For the digital interface, specified in the draft of the IEC standard, there are several features, which operate under different principals than the features of the analog interface. Principally the digital interface represents an interface structure for lighting applications that can be enlarged. This new interface does not compete with BMS. The analog interface and the signal level 1–10V allow for a connection of functional units (sensors and actuators) from different illumination electronics manufacturers. The 1–10V interface does not allow an individual addressing. Consequently all units, which are connected to a 1–10V interface,
can be addressed in common only. Furthermore, the lamps luminous flux relation has not been standardized with reference to the interface voltage (light differences). Another disadvantage is the fact that it is impossible to switch off the 1–10V units by means of the interface. To disconnect the units they need to be separated from the mains voltage.
Characteristics and features of the digital interface:
• Definition in IEC 60929 – this allows the combination ofunits from different manufacturers. It must be emphasized as a special fact that all manufacturers, who are represented in the AG DALI, have made a joint effort to verify the compliance of their units with this standard to guarantee a high functional security.
• Effective data transfer rate (1.200 bits/sek.) – enables an interference-free operation of the system. The physical low-level has been defined with the interface voltage at 0 Volt (- 4.5 Volt to + 4.5 Volt) on the receiver’s side. The high-level condition is represented by the interface voltage of 16 Volt (9.5 Volt to 22.5 Volt) on the receiving side. A maximum voltage decrease of 2 V between sender and receiver is admissible on the leads of the interface.
• Safety distance of interference voltage – a safe operation is guaranteed by the large-scale interference voltage distance between the sender and the receiver side.
• Data coding – the Manchester-Code has been used here; its structure allows the detection of transmission errors.
• Maximum system current – the central interface power supply has been set to allow a maximum current input of 250 mA. Each participant connected to the interface may consume a maximum of 2 mA. This must be taken into consideration for the selection of the power supply interface.
• Limited system size – the maximum number of 64 units with an individual address can be distinguished within a system.
• Revertive signals of information – e.g. ON/OFF, actual brightness of the connected lamps, lamp state etc. are possible.
• Two-wire control lead – two base-isolations should be provided between two leads. A single-threaded isolation of a lead is therefore sufficient.
Control and supply leads can be wired together, make sure to install a minimum lead diameter according to the following table:
Lead length Minimum lead diameter
up to100 meters 0,5 mm2
100 – 150 meters 0,75 mm2
above 150 meters 1,5 mm2
The maximum lead length between two connected systems must not exceed 300 meters.
• Potentialfree control input – the control input is separated galvanically from the mains voltage.
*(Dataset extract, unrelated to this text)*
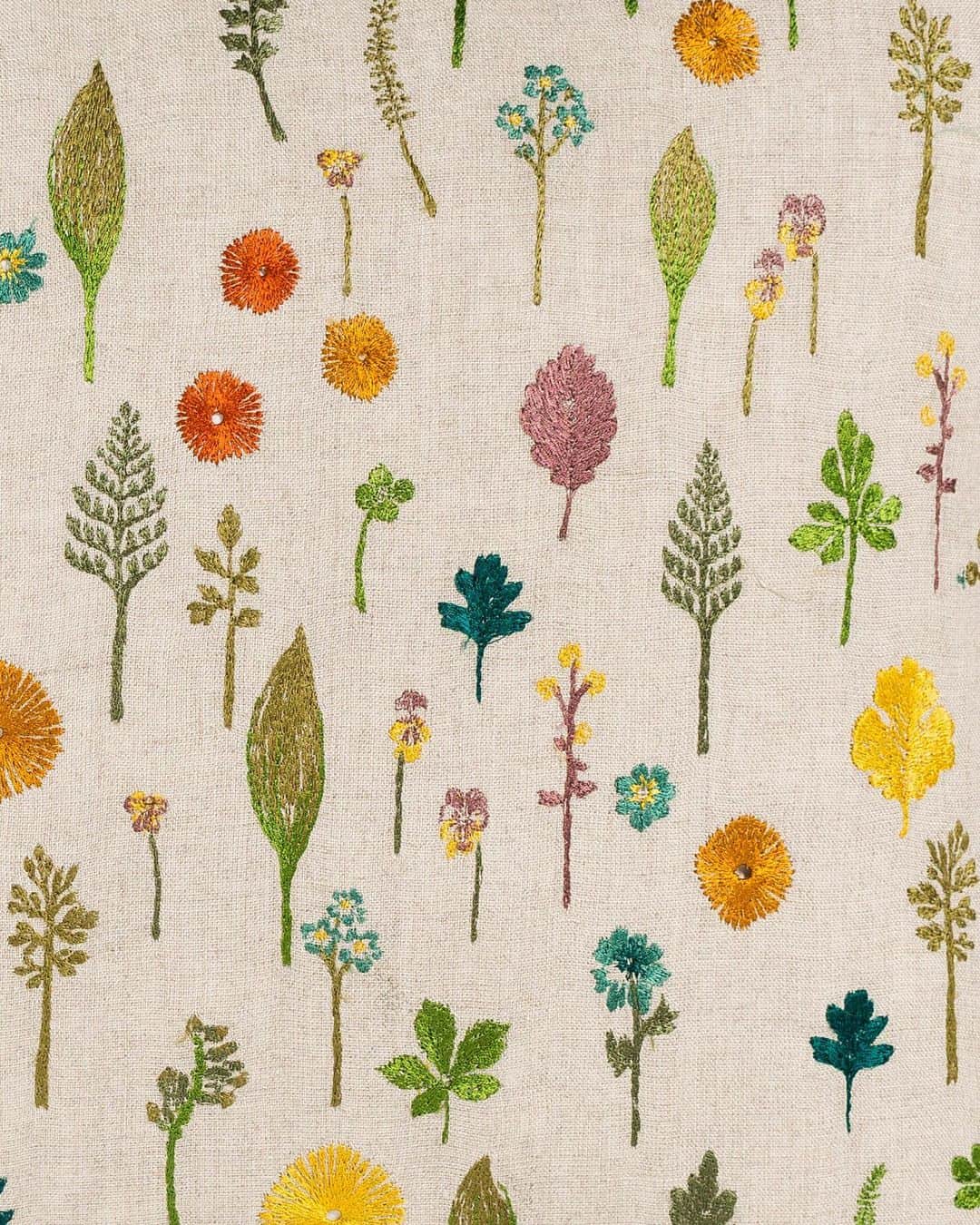のインスタグラム：「Happy Spring Equinox! 🌷💥🌿 🌝 Garden embroidered pillow and fabric features a field of dandy flowers, forget-me-nots, violets, blooms and sprigs perfect to welcome the season. . . . #springequinox #spring #embroidery #embroideredflowers #embroideredfabric #garden」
Consequently all system participants may be operated with different outer conductors (phases).
• No termination resistors required – it is not necessary to terminate the interface leads with resistors.
• Dimming range 0.1 % –100 % – the lower limit depends on the manufacturer. The course of the dimming curve is standardized and adapted to the sensitivity of the eye (logarithmic dimming curve). The impression of a similar
brightness, when electronic ballasts of different manufacturers are used, is a result of the standardization. This requires
however, that the lower limit of the dimming range is equal for all units (e.g. all units show a lower dimming range of 3 %) belonging to the same power class (lamp power).
• Programmable dimming times – special adjustments like adjusting light change speeds are possible.
• Interruption of the data transfer – fixed light adjustments are interpreted automatically (emergency operation).
• Storage of lighting scenes – a storage of up to 16 scenes is possible.
• Connection to Building Management Systems by converters – the very first design intent has been to apply the interface in rooms for an integration into BMS by means of converters.
• Easy new configuration of the system – Once installed and configurated, a modification of the system function, the illumination scene or the illumination functions is only a question of configuration requiring no modification of the hardware. Example: Regrouping of luminaires into an open-plan office.
• Easy integration of new components – new components can be added everywhere within the system whenever an
existing illumination system needs to be enlarged. Consideration should be made that the dimensioning of the
system power supply will be sufficient.